6 変電所の変圧器構成と母線方式(11章)
変電所の機器構成を学ばせ,中性線接地方式や変電所の各機器の役割を理解する.
7 変電所や送電線の異常電圧を概説(9章)
電力機器に発生する異常電圧の種類と規模を概説して,架空送電系統・ケーブル系統・変電所の異常電圧対策を理解する.避けられない異常電圧に対する絶縁協調の考え方を理解し,ギャップレスアレスターの適応実態を習得する.
8 保護継電器(12章)
送変配電設備は過酷な自然環境下に施設され,故障発生に対して早期遮断による事故波及抑制,設備・機器保護及び健全設備からの迅速復電するため,事業者要求性能に対応した保護制御システムを開発し施設している.その種類や機能・特性を理解する.
9 中間試験   
7回までの内容に基づき中間試験を実施する.
10 故障計算と対象座標法 1.  設備故障の実態,対称座標法導入(13章)
電力設備に発生する故障の形態と規模を説明し,三相交流回路では事故相以外の健全相にも影響が波及すことを故障計算に利用される対象座標法を用いて理解する.1.では対象座標法による発電機の基本式や等価回路を作図して故障計算手法をマスタターする.
11 試験返却解説・故障計算と対象座標法 2.  実際の故障計算,対称座標法応用(13章)

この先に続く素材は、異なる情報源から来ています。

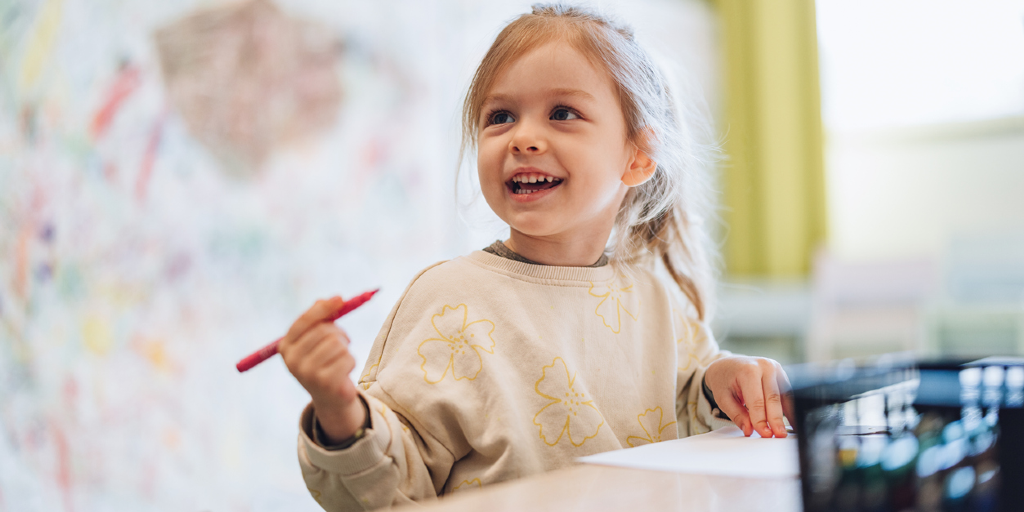Crianã pintando sobre uma mesa com giz de cera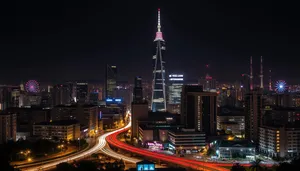 Modern office tower at dusk in bustling business district.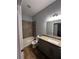 Bathroom with tile flooring, a granite vanity, and a tiled shower-tub combination at 567 Viceroy Ct, Kissimmee, FL 34758
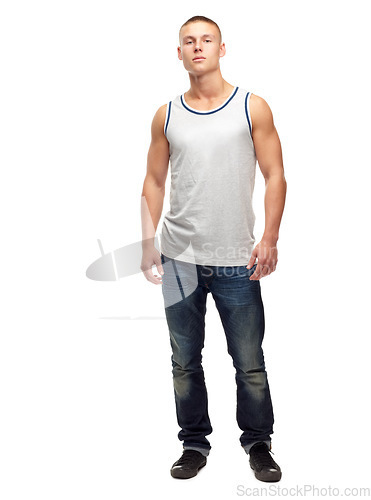 Image of Man, confident and portrait with fashion and modern style in a studio. White background, jeans and young male model with muscles and clothing with youth and attitude feeling proud with confidence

試験を返却し解説する.2.では,1.で学習した対象座標法を用いて,一線地絡故障や二線地絡故障時の地絡電流や健全相電圧を演算実践して理解する.特に,演習問題を活用して理解深化に資する.
12 高圧配電設備の系統構成,機材(14章)
我が国の太宗の高圧配電電圧は6kVであり被覆高圧電線を適用している等,独自の技術開発による設備機材を適応している.その系統構成や機材を説明し,接地方式と密接に関連する保護方式との関連も併せてを理解する.
13 低圧配電設備の系統構成,機材.(14章)
我が国低圧電圧は100/200vであり変圧することなく負荷機器に直接接続供給される.低圧系統単相100v/3相200vを効率的に設備構成する3相4線式が一般的であり,これらの低圧配電設備や結線方式を説明して,保護方式との関連も併せて理解する.
14 需要家受電設備や屋内配線
我が国は,需要家電気設備規模の逓増に対応して系統電力からの受電電圧は高電圧化する仕組みである.特別高圧・高圧受電設備例を基に需要家屋内設備の構成やその保安装置等を説明し屋内電力設備と併せて保安確保を図る設備面・態勢面の対策を理解する.

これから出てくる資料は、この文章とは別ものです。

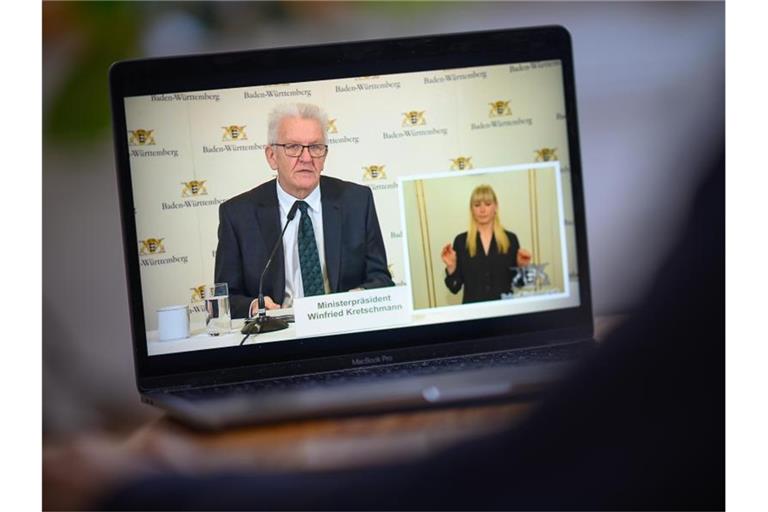 Winfried Kretschmann spricht während einer Pressekonferenz, die auf einem Laptop gestreamt wird. Foto: Sebastian Gollnow/dpa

15 送変配電に関する総括,今後の電力発生と輸送の課題(15章)
太陽光等再エネの普及は電力自由化とも相まって電力潮流を双方向化し,機器短絡強度不足問題を惹起する等の課題があるが,スマートメーター適用は新たなロードマネイジメントを誘引してビジネスを創起する.電力系統の将来課題を展望し対策の考え方を考察する.
16 発電総論.エネルギー変換論.我が国の電気事業概説(1章)
エネルギー変換としての発電工学の位置づけを説明し,我が国の電気事業の歴史および現状を述べる.電気エネルギーが低炭素化社会実現に配慮されていることを学ぶ.
17 水力発電の基礎(5章)
水の位置エネルギーから落差,流量の定義および理論出力を導く.またベルヌーイの定理および連続の式より水力学の基本公式を説明する.落差の取り方による各種水力発電方式を紹介し,ダム,導水路等の水力発電所の土木設備と門扉等その付随設備を解説する.

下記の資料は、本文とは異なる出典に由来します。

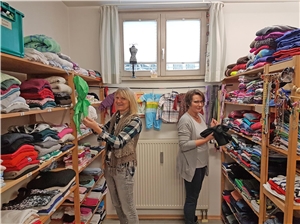 zwei Frauen sortieren Kleider in Kleiderkammer an Regalen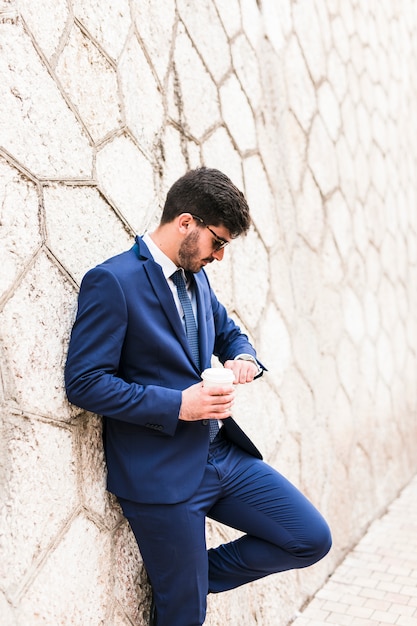 Bezpłatne zdjęcie biznesowy mężczyzna patrzeje jego zegarek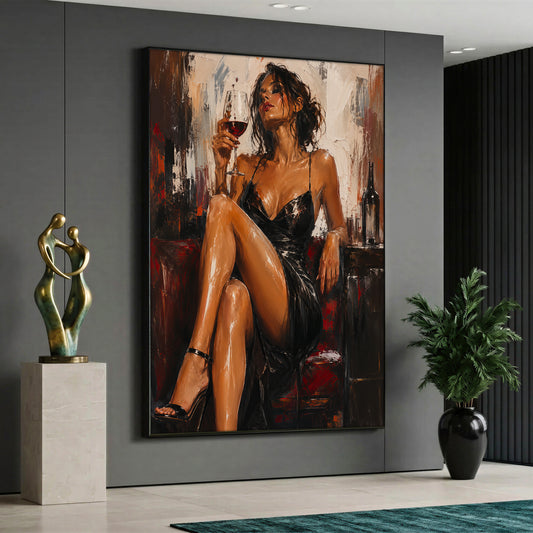 A vertical canvas wall art displaying an elegant woman in a black dress holding a glass of red wine, displayed on a grey wall in a modern setting.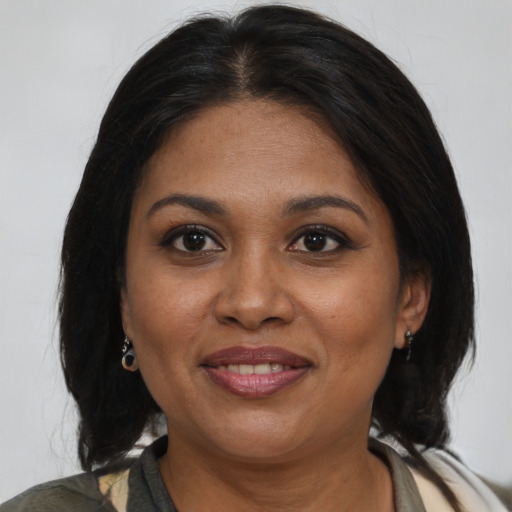 Joyful black adult female with medium  brown hair and brown eyes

18 各種水車の構造と特徴. 水車発電機.水力発電所の諸設備とその設計(5章)
水力発電で使用される水車の構造と特徴および付帯設備,発電機の特徴を説明し,その他発電所に設置される設備を紹介する.また水力地点から設備を設計する演習を行う.
19 水力発電所の管理.揚水発電.水力問題演習(5章)
水力発電所の運転制御法を解説する.揚水発電の方式,潮力発電を説明し,水力発電全般の演習後,小テストを実施する.
20 火力発電の基礎理論.熱力学.各種燃料の特徴.ボイラおよび蒸気タービン(3章)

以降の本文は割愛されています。